Surety Capital Corporation Announces Sale of San Antonio Branches

Business Wire, Nov 12, 2003

Business Editors

FORT WORTH, Texas--(BUSINESS WIRE)--Nov. 12, 2003

Dick Abrams, Chairman of the Board of Surety Capital Corporation (OTCBB:SRYP), announced that Surety Bank, N.A. signed a definitive agreement to sell four of its branches located in the San Antonio, Texas area. Mr. Abrams commented: "We are sorry to leave a thriving area such as San Antonio, but managing these locations from Fort Worth was not economical." Mr. Abrams further said: "This branch sale should position Surety Bank to fully comply with its obligations under its formal agreement with the Office of the Controller of the Currency."

Mr. Abrams also announced that Surety Bank sold several parcels of foreclosed property for an amount equal to approximately $1,100,000 in excess of the allocated value of the properties. No income was recognized in connection with the sales in accordance with guidance provided by the OCC. Surety Bank also indicated that it hoped to generate a similar aggregate amount of proceeds above allocated value upon the sale of three other foreclosed properties and that as of September 30, 2003, it had recovered more than $200,000 in charged-off loans during 2003.

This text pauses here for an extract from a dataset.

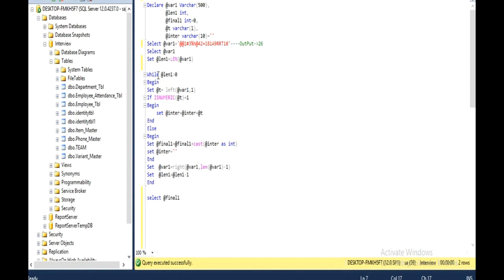I am going to use a loop. This loop will execute until the value of @length1 is greater than 0. Inside this loop, I am going to fetch the value from the left-hand side of the input variable. The first value will be picked from the left and initialized in our @t variable. Then inside the loop, we check if this value is numeric or not. When @t is numeric, it moves inside the if block; otherwise it moves to the else block.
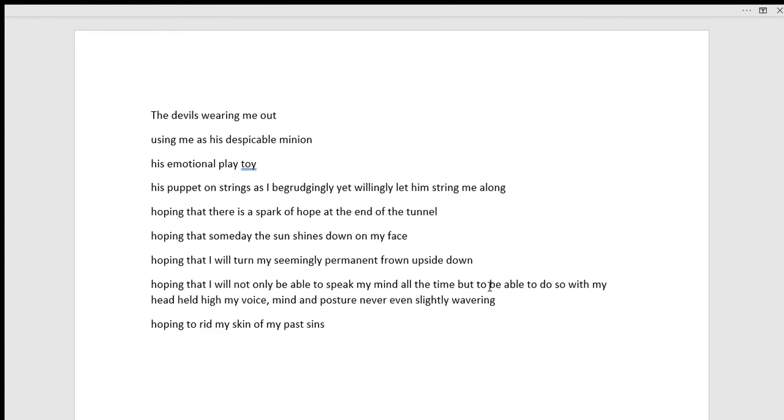hoping that there is a spark of hope at the end of the tunnel, hoping that someday the sun shines down on my face, hoping that I will turn my seemingly permanent frown upside down,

Mr. Abrams stated, "Two years ago the bank had many problems resulting from actions of its two former managements. For the past year, our current management team has worked to improve the operations and performance of the Bank and to bring the Bank into compliance with the formal agreement with the OCC. Surety Bank was cash flow positive for the third quarter ending September, 2003 and presently anticipates becoming profitable during 2004. I want to thank our employees and stockholders for their patience and their assistance in meeting many difficult challenges."

Finally, Mr. Abrams also stated Surety Capital is presently working to develop a plan that will allow it to retire its convertible debentures at a discounted amount that would be negotiated with holders of the debentures. Any progress in implementing such a plan would, however, require the OCC to approve a distribution from Surety Bank to Surety Capital. Such an approval could not be requested and approved until Surety Bank is in full compliance with the formal agreement with the OCC.

This document contains, and future oral and written statements of Surety Capital Corporation and its management may contain, forward-looking statements, within the meaning of such term in the Private Securities Litigation Reform Act of 1995, with respect to the financial condition, results of operations, plans, objectives, future performance and business of the company. Forward-looking statements, which may be based upon beliefs, expectations and assumptions of the company's management and on information currently available to management, are generally identifiable by the use of words such as "believe," "expect," "anticipate," "hope," "plan," "intend," "estimate," "may," "will," "would," "could," "should" or other similar expressions. Additionally, all statements in this document, including forward-looking statements, speak only as of the date they are made, and the company undertakes no obligation to update any statement in light of new information or future events.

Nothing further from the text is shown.